Submission to Jurisdiction/Waiver of Jury Trial.
Any legal suit, action, or proceeding arising out of or relating to this Agreement shall be instituted in the courts of the State of Colorado located in Delta County, Colorado and each party irrevocably submits to the exclusive jurisdiction of such courts in any such suit, action, or proceeding. Buyer and Seller each irrevocably waive any and all rights to trial by jury of any action, proceeding, claim, cause of action, or defense arising out of or related to this Agreement, the relationship of the Parties, or the Goods.
Attorney’s Fees & Costs.
The prevailing party in any legal action arising from or related to this Agreement, the relationship of the Parties, or the Goods, shall be entitled to recover its reasonable and necessary attorney’s fees and expenses or costs.

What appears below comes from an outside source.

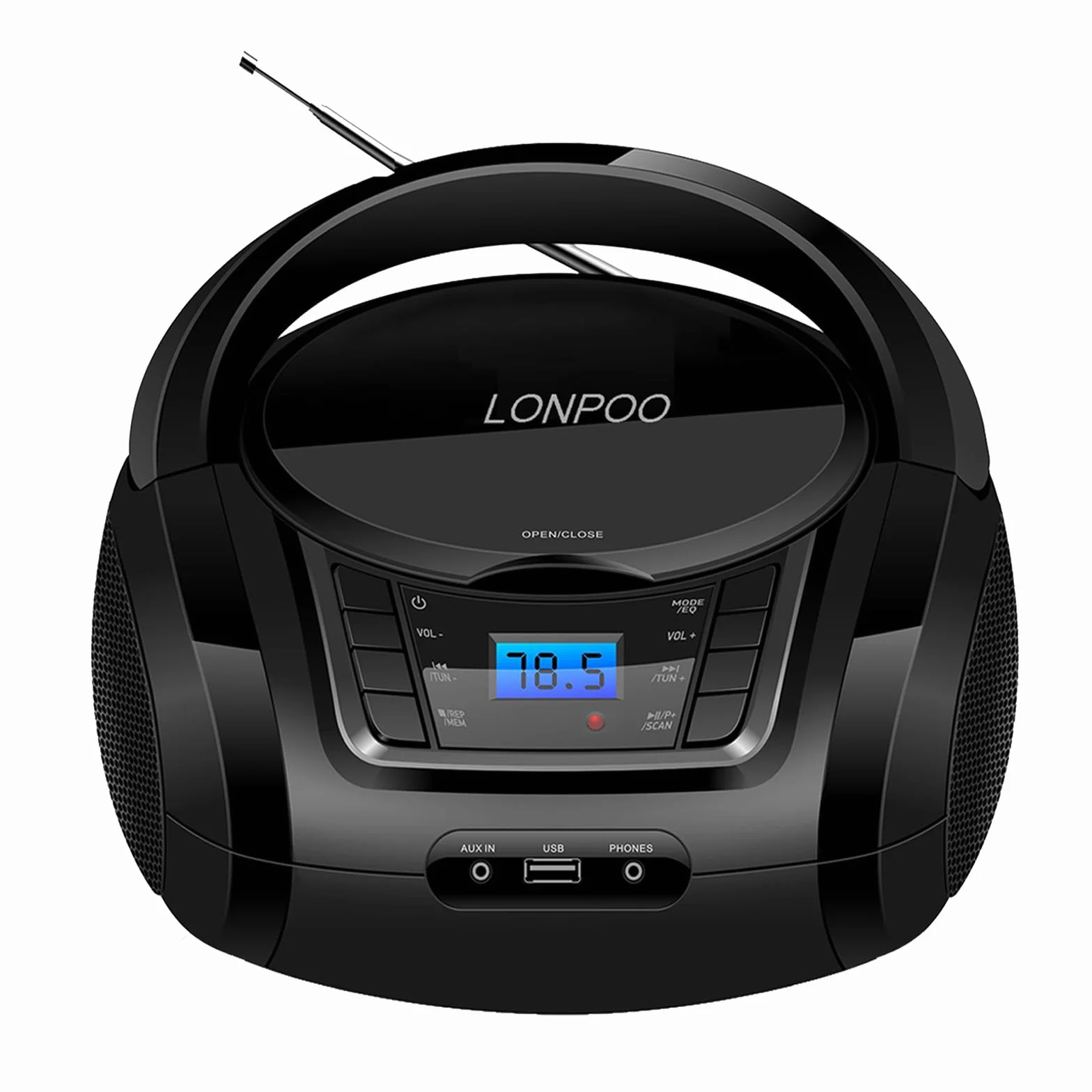 LONPOO Lectore de CD Portátil Boombox Reproductor Bluetooth/Radio FM/USB 2.0 / AUX-IN/Salida de Auriculares/Estéreo Altavoz /5 EQ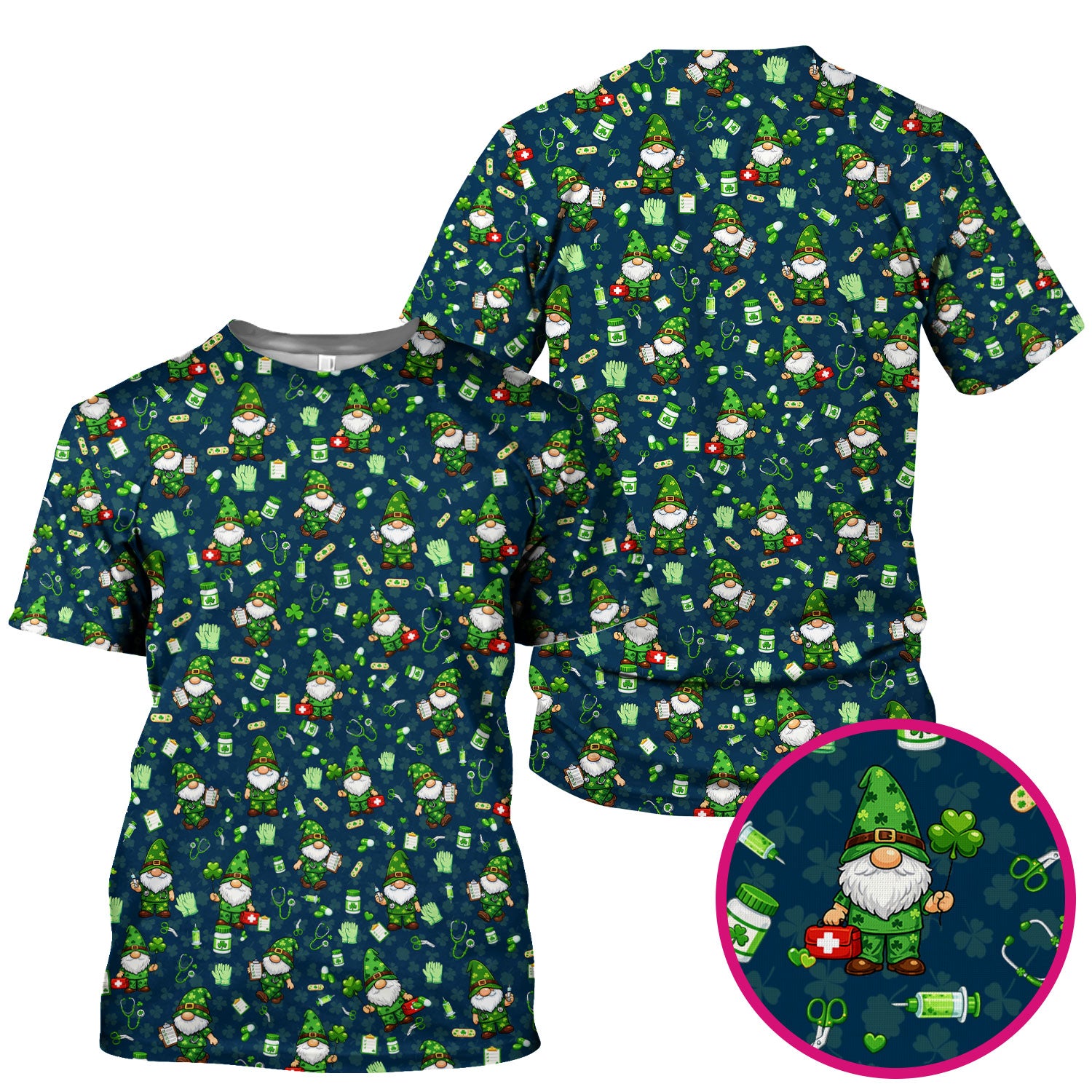 St. Patrick’s Day Nurse Gnome Scrub Top, Green Lucky Medical Pattern Nurse Shirt, Breathable Fabrics Nursing Uniform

All notices, request, consents, claims, demands, waivers, and other communications hereunder (each, a “Notice”) shall be in writing and addressed to the parties at the addresses set forth on the face of the Purchase Order Commitment or to such other address that may be designated by the receiving party in writing. All Notices shall be delivered by personal delivery, nationally recognized overnight courier (with all fees pre-paid), facsimile (with confirmation of transmission), or certified or registered mail (in each case, return receipt requested, postage prepaid). Except as otherwise provided in this Agreement, a Notice is effective only (a) upon receipt of the receiving party, and (b) if the party giving the Notice has complied with the requirements of this Section.
If any term or provision of this Agreement is invalid, illegal, or unenforceable in any jurisdiction, such invalidity, illegality, or unenforceability shall not affect any other term or provision of this Agreement or invalidate or render unenforceable such term or provision in any other jurisdiction.
Provisions of these Terms which by their nature should apply beyond the term of this Agreement will remain in force after any termination or expiration of this Agreement including, but not limited to, the following provisions: Compliance with Laws, Confidential Information, Governing Law, Submission to Jurisdiction/Waiver of Jury Trial, and Survival.